Em sua segunda Palma de Ouro, Östlund mostra que não há nada pior do que dar alguma atenção e reconhecimento para um cineasta pretensioso
Em 2017, The Square levava o maior prêmio de Cannes, provavelmente validando a visão do diretor e suas críticas rasas a um mundo que o cerca e o inclui, mesmo que ele pareça se colocar muito acima de tudo isso. Em Triângulo da Tristeza as coisas não são muito diferentes de seu filme anterior, o estilo de sátira de Östlund permanece o mesmo e seus comentários seguem carregando a mesma prepotência. Dessa vez, a divisão em atos do longa contém três pedaços que poderiam ser filmes completamente independentes, ainda que amarrados pela mesma história. E, assim como já fez antes, o longa tem sim seus momentos interessantíssimos, como a cena do jantar - ponto alto como foi na famosa sequência de The Square - que faz com que o segundo ato seja o melhor, perdido em um mar de outras tantas coisas que se tornam tediosas demais para sobreviver à terceira e última parte.

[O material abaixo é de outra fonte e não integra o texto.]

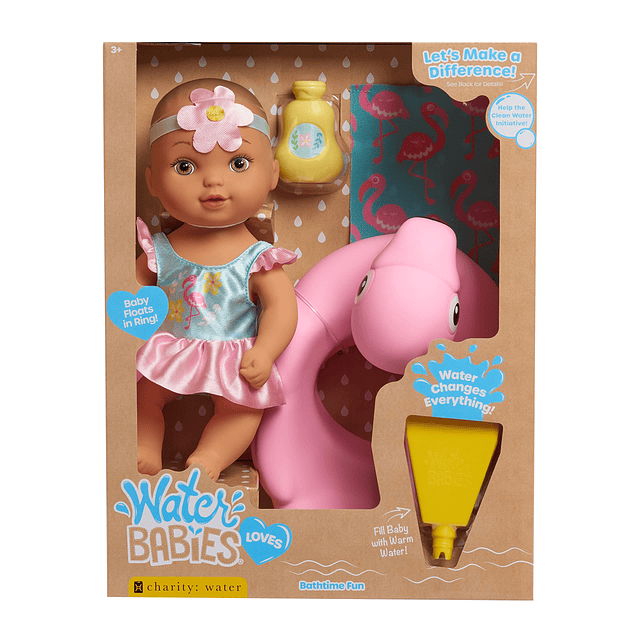 WaterBabies Doll Bathtime Fun Flamingo, apoya una asociación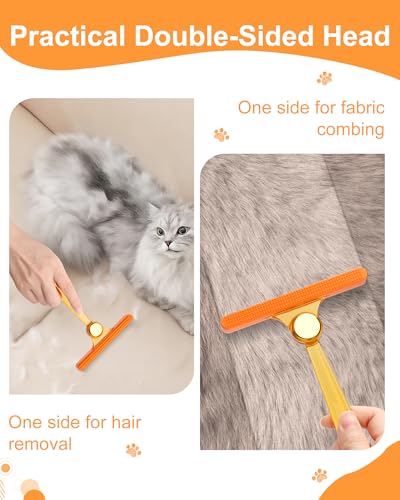 3 in 1 Carpet Rake for Pet Hair Removal Tool, 51” Adjustable Long Handle Pet Hair Removal Broom, Pet Grooming Brush, Cat Dog Hair Remover Carpet Scraper for Rugs, Mats - color: Orange-Silver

Na primeira parte o longa foca na relação de Yaya (Charlbi Dean) e Carl (Harris Dickinson) em uma sociedade de aparências. Girando em torno de um relacionamento forçado para gerar likes, uma influenciadora digital fútil, dois modelos e uma discussão sobre papéis de gênero e dinheiro, a sátira funciona como uma introdução que certamente poderia ser resumida em menos tempo, já que suas ideias se repetem e é apenas um caminho para chegar aos outros tantos comentários que Östlund pretende fazer. Passando para o segundo ato, no cruzeiro de luxo, a relação do casal de modelos vai sendo colocada cada vez mais em segundo plano enquanto outros personagens são apresentados. Por vezes, o humor do filme se torna chato de tão óbvio, a tripulação branca comemorando exageradamente as gorjetas que irá ganhar enquanto num lugar mais baixo ficam os trabalhadores imigrantes, menos valorizados e esquecidos, por exemplo. Tudo é tão forçadamente caricato que parece que o diretor sente uma necessidade enorme de explicitar, explicar, como se suas críticas fossem assim tão inteligentes que o público precisasse de tudo absurdamente escancarado.

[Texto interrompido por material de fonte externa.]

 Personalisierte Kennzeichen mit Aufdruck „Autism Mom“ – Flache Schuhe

Ainda que seja dessa forma, a segunda parte é a mais interessante e que poderia ser o foco, pois tudo que vem depois vai tirando cada vez mais a atenção da obra. No barco, o humor com as divisões de classes, a incomunicabilidade entre idiomas e a sátira com os milionários, os colocando como completos idiotas em mares de vômito e diarreia, funciona mais por não se levar nem um pouco a sério. As dinâmicas entre o capitão com crenças marxistas (Woody Harrelson) e o russo amante do capitalismo rendem bons momentos e diálogos no meio de um caos de hipocrisias. A merda pode até ser igual, mas enquanto os ricos ficam em estado deplorável, ainda são os trabalhadores que limpam suas sujeiras, já que onde há dinheiro, é o capital quem manda. E nesse ato, as críticas do filme até funcionam nesse absurdo, mesmo que colocadas no pedestal prepotente do diretor, afinal, ter asco e rir da cara dos ricos - e prepotentes - combina perfeitamente com o que ele propõe.

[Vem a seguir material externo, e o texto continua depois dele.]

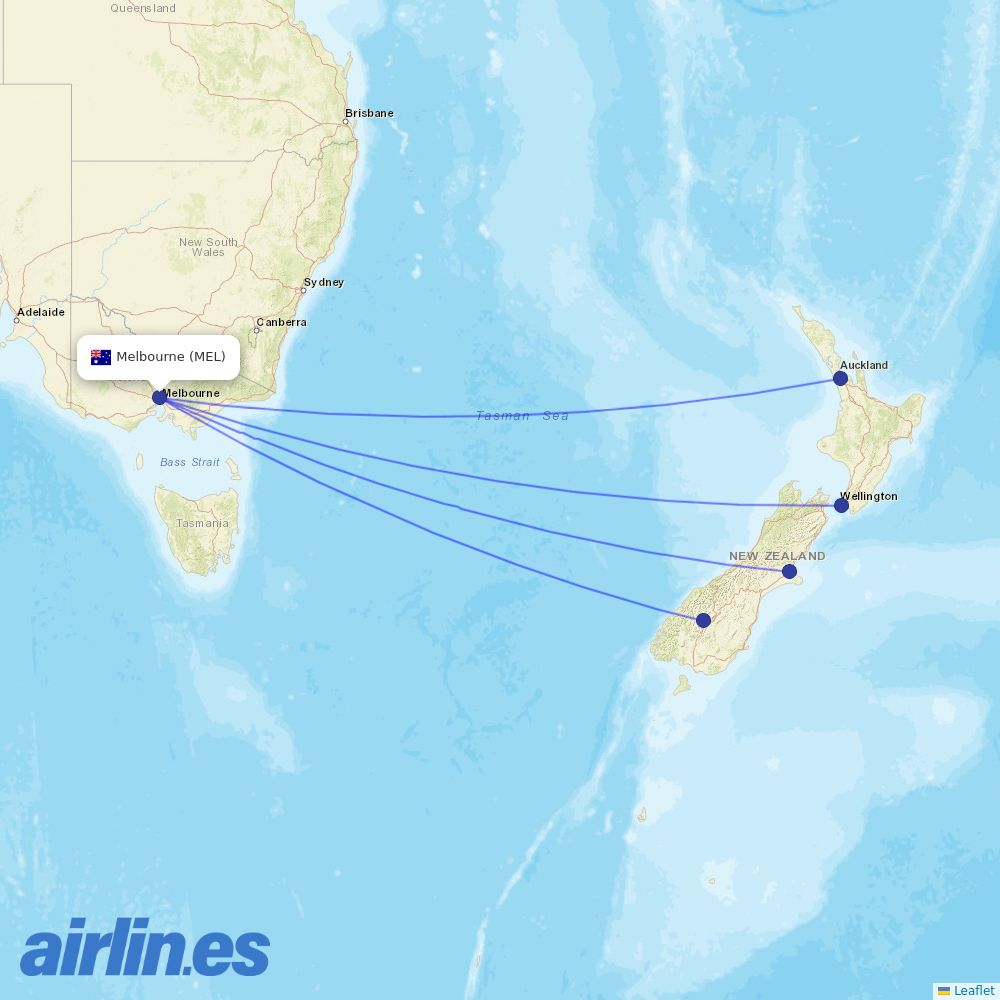 Air New Zealand from Melbourne International destination map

Infelizmente, seu último bom momento fica por conta do casal que explode pela própria granada que vende, o último comentário óbvio que quer soar inteligente mas que ainda tem algum efeito positivo. No terceiro ato, Östlund se torna ganancioso demais e resolve levar as coisas mais a sério, alongando e se repetindo, entediando completamente. Na ilha, onde não há dinheiro, as dinâmicas de poder se alteram, colocando uma trabalhadora do mais baixo escalão do barco como a líder absoluta do grupo de sobreviventes. Parece que em algum nível, o diretor tenta se aproximar da lógica de outro vencedor da Palma de Ouro, Parasita (Bong Joon-ho, 2019), mas o faz como todas as suas narrativas, de um lugar lá do topo, de quem claramente não conhece os lugares mais baixos. Por isso, a trabalhadora se torna um ser difícil de se importar ou mesmo de odiar, como todos os outros, e a maior tortura é continuar os acompanhando, já que se todos morressem não faria a menor diferença. Se a intenção era dizer que ela está num lugar de poder e isso a torna tão desprezível quanto seus opressores, não consegue nem ao menos conectar algum sentimento a isso e vai esvaziando suas críticas cada vez mais, girando em círculos para dizer algo que talvez já tenha dito, mas possivelmente ache necessário explicar ainda mais.
Da última vez que o cinema mostrou um pobre pensando em usar uma pedra como arma para se livrar de voltar a uma vida miserável, o mundo inteiro parou para ver. Dessa vez, a cena vem como alívio, de encerrar finalmente um filme de mais de duas horas que queria ter muito a dizer.